Tuesday, April 19, 2005

Three Singular Experiences

Sat and Sun afternoons; Acadia National Park

Walking in Acadia National Park in April is usually a bracing experience. But the weather this weekend was spectacular. I would even say that Sunday was warm. This time of year I like to take it easy. carriage roads (gravel roads limited to walkers, bicyclists, and horses) my choice of fare, and a detour up Connor’s Nubble is the closest to mountain hiking I’ll make. So Saturday, Beverly and I walked the Jordan Stream loop, and Sunday, I walked the loop around Eagle Lake with a visit up Connor’s Nubble to look at the lake and surrounding mountains from an open height. As usual, breathtaking.

But things aren’t always at their usual. Take the start to Saturday’s stroll. While we were walking the carriage road, we noticed, across the brook, a wood duck walking the parallel path that also follows the stream. Now I’m not accustomed to seeing a duck hiking a woods trail. And neither am I accustomed to seeing a duck swim in a rushing brook, but this one, after fifty feet of following the trail, descended the bank and entered a shallow pool amid the rocks and rushing water. That was refreshing.

Later on, from one of the many marvelous stone bridges built in this network of carriage roads, we spotted a hawk overhead, and watched it in the sky, between branches of birch and fronds of pine. As we continued walking, I kept my eyes open for another one. In the corner of my eye, I saw a large bird, and thought ‘hawk!’ but then almost at the same time noticed that it was white, and said to Beverly, “there goes a sea gull.”

But as we looked, I exclaimed, “no!, it’s an eagle!,” and we watched it approach, its wing span growing in our eyes as it neared. Its head and tail feathers were bleached as white as snow. I am accustomed to seeing immature eagles, with brown, or at most, dark gray, head and tail feathers. The eagle has only recently returned to southern New England, so I think we only see the immature ones. But this one was a granddaddy of an eagle, the kind you see in all those wildlife pictures. Now, that was exhilarating.

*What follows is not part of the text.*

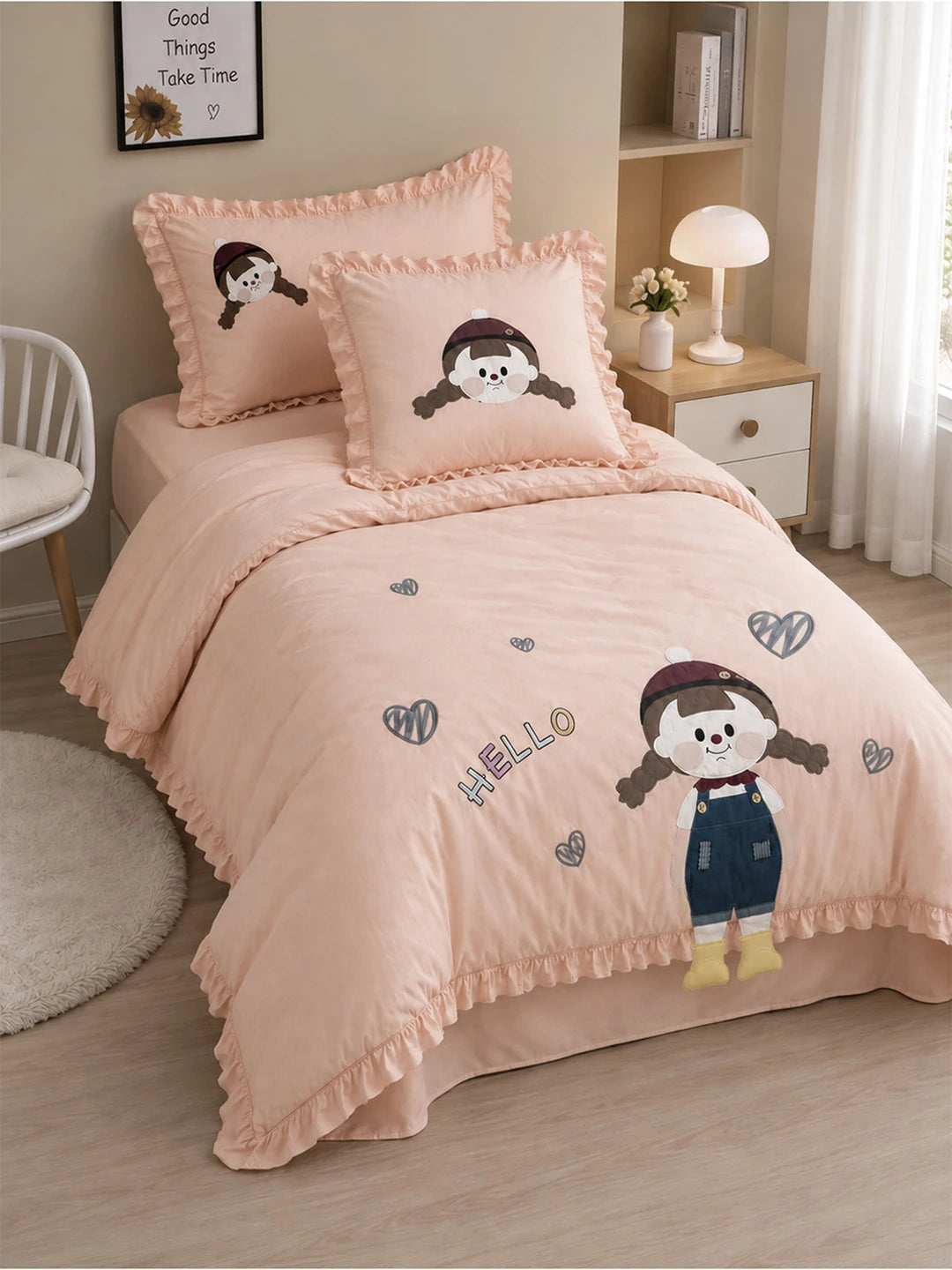 4 pcs Little Girl Theme Luxe Embroidered & 3D hanging collection of Single bed comforter, 1 flat bedsheet, 2 pillow covers entire Bedding Set for Single Size Bed.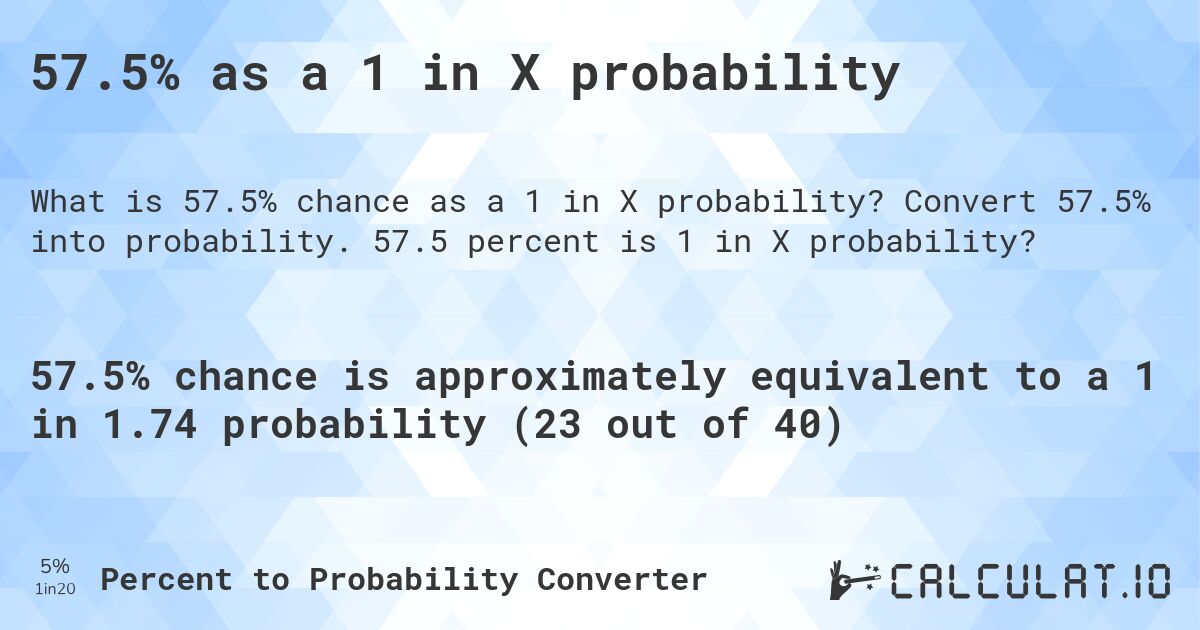 57.5% as a 1 in X probability. Convert 57.5% into probability. 57.5 percent is 1 in X probability?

Lastly, on Sunday, near the beginning of my walk, I noticed up ahead, over a stretch of road mottled with sun and shade, a large butterfly flitting back and forth, up and down, and left to right, always in that stretch of road. But as I approached I realized it was too large for a butterfly yet flew too zig-zaggingly for a bird. Nearer, I noticed an almost transparency in the wings, and then, the unmistakable head of a bat! I stopped and watched it fly back and forth in that same stretch of road for at least five minutes. Now that was extraordinary.

Maybe not. But for me, all three of these experiences were singular. And therefore remarkable. I suppose too often I take the world around me for granted, even a world as stunning as Acadia. I take its beauty for granted and know I’ll be astounded by the combination of woods and mountains, and lakes, and ocean and all the colors ranging from pink granite mountains to deep blue sea.

Every time I visit I’m amazed. But still, I’ve learned to expect it. So when the experiences of things I don’t expect, like a duck walking a woods trail, or a seagull morphing into a bald eagle, or a butterfly becoming a bat, I feel a thrill ride up my spine shocking me again into the miracle of existence. At home, when such incidents occur I am upended, sometimes overcome, maybe reborn in a way. But in such a paradise as Acadia, when such moments occur, I am simply created. Like Adam I look at the world around me and don’t even know the names for things. It’s inconceivable, but it is.